Available data below:
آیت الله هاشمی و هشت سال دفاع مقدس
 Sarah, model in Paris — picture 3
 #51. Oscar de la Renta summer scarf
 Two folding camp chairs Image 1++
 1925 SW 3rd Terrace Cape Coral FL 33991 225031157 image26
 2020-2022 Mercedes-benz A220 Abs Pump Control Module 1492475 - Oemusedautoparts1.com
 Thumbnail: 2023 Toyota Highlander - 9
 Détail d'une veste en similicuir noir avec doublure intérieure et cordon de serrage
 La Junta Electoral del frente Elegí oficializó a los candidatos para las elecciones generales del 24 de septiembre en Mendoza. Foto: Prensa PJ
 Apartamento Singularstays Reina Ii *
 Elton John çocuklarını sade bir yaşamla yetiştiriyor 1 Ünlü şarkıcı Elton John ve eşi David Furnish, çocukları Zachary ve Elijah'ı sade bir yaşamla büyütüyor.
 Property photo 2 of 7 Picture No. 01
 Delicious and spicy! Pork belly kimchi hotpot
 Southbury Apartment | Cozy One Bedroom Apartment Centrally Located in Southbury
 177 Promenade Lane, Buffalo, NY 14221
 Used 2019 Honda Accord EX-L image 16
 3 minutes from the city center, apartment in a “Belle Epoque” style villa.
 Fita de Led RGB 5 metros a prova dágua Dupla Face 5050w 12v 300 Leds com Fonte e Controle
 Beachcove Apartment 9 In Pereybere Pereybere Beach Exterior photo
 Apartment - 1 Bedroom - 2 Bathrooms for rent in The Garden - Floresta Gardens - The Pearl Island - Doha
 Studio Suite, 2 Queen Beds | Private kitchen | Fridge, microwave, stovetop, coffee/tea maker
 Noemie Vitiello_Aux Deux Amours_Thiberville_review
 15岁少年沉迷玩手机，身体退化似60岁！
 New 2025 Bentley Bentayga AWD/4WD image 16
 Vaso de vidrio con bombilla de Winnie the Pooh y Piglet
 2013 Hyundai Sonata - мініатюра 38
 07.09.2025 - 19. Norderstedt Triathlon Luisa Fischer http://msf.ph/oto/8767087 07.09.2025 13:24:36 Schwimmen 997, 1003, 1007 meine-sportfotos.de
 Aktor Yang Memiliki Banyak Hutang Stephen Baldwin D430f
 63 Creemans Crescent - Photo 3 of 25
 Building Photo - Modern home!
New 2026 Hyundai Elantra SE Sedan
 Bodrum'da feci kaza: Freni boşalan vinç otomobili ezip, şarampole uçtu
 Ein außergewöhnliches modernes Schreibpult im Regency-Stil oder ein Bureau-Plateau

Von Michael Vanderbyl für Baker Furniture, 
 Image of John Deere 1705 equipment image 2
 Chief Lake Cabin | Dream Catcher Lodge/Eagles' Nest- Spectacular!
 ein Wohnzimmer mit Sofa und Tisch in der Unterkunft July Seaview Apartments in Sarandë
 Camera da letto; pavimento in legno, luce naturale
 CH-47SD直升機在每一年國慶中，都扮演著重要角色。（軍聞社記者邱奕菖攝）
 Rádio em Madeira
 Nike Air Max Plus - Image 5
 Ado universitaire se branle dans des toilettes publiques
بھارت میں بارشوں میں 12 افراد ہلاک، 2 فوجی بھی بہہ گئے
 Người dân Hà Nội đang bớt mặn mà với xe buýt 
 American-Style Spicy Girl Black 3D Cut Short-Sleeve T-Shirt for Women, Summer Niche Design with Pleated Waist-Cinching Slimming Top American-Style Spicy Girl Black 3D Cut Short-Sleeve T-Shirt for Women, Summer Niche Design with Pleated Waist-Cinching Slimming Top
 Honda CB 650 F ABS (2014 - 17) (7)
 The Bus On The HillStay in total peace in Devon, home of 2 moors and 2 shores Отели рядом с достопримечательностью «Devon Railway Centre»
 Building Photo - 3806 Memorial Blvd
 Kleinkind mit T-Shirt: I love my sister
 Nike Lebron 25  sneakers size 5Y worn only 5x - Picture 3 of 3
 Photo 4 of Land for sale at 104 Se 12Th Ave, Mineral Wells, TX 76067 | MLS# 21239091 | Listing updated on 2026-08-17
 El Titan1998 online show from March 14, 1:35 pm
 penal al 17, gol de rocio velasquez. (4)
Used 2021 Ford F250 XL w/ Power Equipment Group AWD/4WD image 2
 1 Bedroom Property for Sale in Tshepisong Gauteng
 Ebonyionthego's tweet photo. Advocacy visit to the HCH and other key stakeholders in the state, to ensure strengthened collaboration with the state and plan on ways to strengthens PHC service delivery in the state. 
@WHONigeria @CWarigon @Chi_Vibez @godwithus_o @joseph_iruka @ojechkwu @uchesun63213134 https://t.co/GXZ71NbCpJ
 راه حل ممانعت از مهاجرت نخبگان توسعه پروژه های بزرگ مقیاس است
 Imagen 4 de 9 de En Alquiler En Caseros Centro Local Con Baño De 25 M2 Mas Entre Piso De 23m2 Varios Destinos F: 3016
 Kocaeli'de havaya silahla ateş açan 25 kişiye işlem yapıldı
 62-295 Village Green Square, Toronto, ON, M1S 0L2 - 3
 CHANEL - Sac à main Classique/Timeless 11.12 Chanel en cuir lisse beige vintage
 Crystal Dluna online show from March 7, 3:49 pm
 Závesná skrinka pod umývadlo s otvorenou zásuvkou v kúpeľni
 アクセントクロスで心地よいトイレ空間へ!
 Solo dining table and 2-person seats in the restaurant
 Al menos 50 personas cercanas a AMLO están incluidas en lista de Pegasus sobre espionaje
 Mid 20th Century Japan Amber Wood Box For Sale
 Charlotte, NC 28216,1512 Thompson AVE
End of Available data.
What you will do: Each line of the data is to be transcribed exactly.

Result of the exercise:
آیت الله هاشمی و هشت سال دفاع مقدس
 Sarah, model in Paris — picture 3
 #51. Oscar de la Renta summer scarf
 Two folding camp chairs Image 1++
 1925 SW 3rd Terrace Cape Coral FL 33991 225031157 image26
 2020-2022 Mercedes-benz A220 Abs Pump Control Module 1492475 - Oemusedautoparts1.com
 Thumbnail: 2023 Toyota Highlander - 9
 Détail d'une veste en similicuir noir avec doublure intérieure et cordon de serrage
 La Junta Electoral del frente Elegí oficializó a los candidatos para las elecciones generales del 24 de septiembre en Mendoza. Foto: Prensa PJ
 Apartamento Singularstays Reina Ii *
 Elton John çocuklarını sade bir yaşamla yetiştiriyor 1 Ünlü şarkıcı Elton John ve eşi David Furnish, çocukları Zachary ve Elijah'ı sade bir yaşamla büyütüyor.
 Property photo 2 of 7 Picture No. 01
 Delicious and spicy! Pork belly kimchi hotpot
 Southbury Apartment | Cozy One Bedroom Apartment Centrally Located in Southbury
 177 Promenade Lane, Buffalo, NY 14221
 Used 2019 Honda Accord EX-L image 16
 3 minutes from the city center, apartment in a “Belle Epoque” style villa.
 Fita de Led RGB 5 metros a prova dágua Dupla Face 5050w 12v 300 Leds com Fonte e Controle
 Beachcove Apartment 9 In Pereybere Pereybere Beach Exterior photo
 Apartment - 1 Bedroom - 2 Bathrooms for rent in The Garden - Floresta Gardens - The Pearl Island - Doha
 Studio Suite, 2 Queen Beds | Private kitchen | Fridge, microwave, stovetop, coffee/tea maker
 Noemie Vitiello_Aux Deux Amours_Thiberville_review
 15岁少年沉迷玩手机，身体退化似60岁！
 New 2025 Bentley Bentayga AWD/4WD image 16
 Vaso de vidrio con bombilla de Winnie the Pooh y Piglet
 2013 Hyundai Sonata - мініатюра 38
 07.09.2025 - 19. Norderstedt Triathlon Luisa Fischer http://msf.ph/oto/8767087 07.09.2025 13:24:36 Schwimmen 997, 1003, 1007 meine-sportfotos.de
 Aktor Yang Memiliki Banyak Hutang Stephen Baldwin D430f
 63 Creemans Crescent - Photo 3 of 25
 Building Photo - Modern home!
New 2026 Hyundai Elantra SE Sedan
 Bodrum'da feci kaza: Freni boşalan vinç otomobili ezip, şarampole uçtu
 Ein außergewöhnliches modernes Schreibpult im Regency-Stil oder ein Bureau-Plateau

Von Michael Vanderbyl für Baker Furniture, 
 Image of John Deere 1705 equipment image 2
 Chief Lake Cabin | Dream Catcher Lodge/Eagles' Nest- Spectacular!
 ein Wohnzimmer mit Sofa und Tisch in der Unterkunft July Seaview Apartments in Sarandë
 Camera da letto; pavimento in legno, luce naturale
 CH-47SD直升機在每一年國慶中，都扮演著重要角色。（軍聞社記者邱奕菖攝）
 Rádio em Madeira
 Nike Air Max Plus - Image 5
 Ado universitaire se branle dans des toilettes publiques
بھارت میں بارشوں میں 12 افراد ہلاک، 2 فوجی بھی بہہ گئے
 Người dân Hà Nội đang bớt mặn mà với xe buýt 
 American-Style Spicy Girl Black 3D Cut Short-Sleeve T-Shirt for Women, Summer Niche Design with Pleated Waist-Cinching Slimming Top American-Style Spicy Girl Black 3D Cut Short-Sleeve T-Shirt for Women, Summer Niche Design with Pleated Waist-Cinching Slimming Top
 Honda CB 650 F ABS (2014 - 17) (7)
 The Bus On The HillStay in total peace in Devon, home of 2 moors and 2 shores Отели рядом с достопримечательностью «Devon Railway Centre»
 Building Photo - 3806 Memorial Blvd
 Kleinkind mit T-Shirt: I love my sister
 Nike Lebron 25  sneakers size 5Y worn only 5x - Picture 3 of 3
 Photo 4 of Land for sale at 104 Se 12Th Ave, Mineral Wells, TX 76067 | MLS# 21239091 | Listing updated on 2026-08-17
 El Titan1998 online show from March 14, 1:35 pm
 penal al 17, gol de rocio velasquez. (4)
Used 2021 Ford F250 XL w/ Power Equipment Group AWD/4WD image 2
 1 Bedroom Property for Sale in Tshepisong Gauteng
 Ebonyionthego's tweet photo. Advocacy visit to the HCH and other key stakeholders in the state, to ensure strengthened collaboration with the state and plan on ways to strengthens PHC service delivery in the state. 
@WHONigeria @CWarigon @Chi_Vibez @godwithus_o @joseph_iruka @ojechkwu @uchesun63213134 https://t.co/GXZ71NbCpJ
 راه حل ممانعت از مهاجرت نخبگان توسعه پروژه های بزرگ مقیاس است
 Imagen 4 de 9 de En Alquiler En Caseros Centro Local Con Baño De 25 M2 Mas Entre Piso De 23m2 Varios Destinos F: 3016
 Kocaeli'de havaya silahla ateş açan 25 kişiye işlem yapıldı
 62-295 Village Green Square, Toronto, ON, M1S 0L2 - 3
 CHANEL - Sac à main Classique/Timeless 11.12 Chanel en cuir lisse beige vintage
 Crystal Dluna online show from March 7, 3:49 pm
 Závesná skrinka pod umývadlo s otvorenou zásuvkou v kúpeľni
 アクセントクロスで心地よいトイレ空間へ!
 Solo dining table and 2-person seats in the restaurant
 Al menos 50 personas cercanas a AMLO están incluidas en lista de Pegasus sobre espionaje
 Mid 20th Century Japan Amber Wood Box For Sale
 Charlotte, NC 28216,1512 Thompson AVE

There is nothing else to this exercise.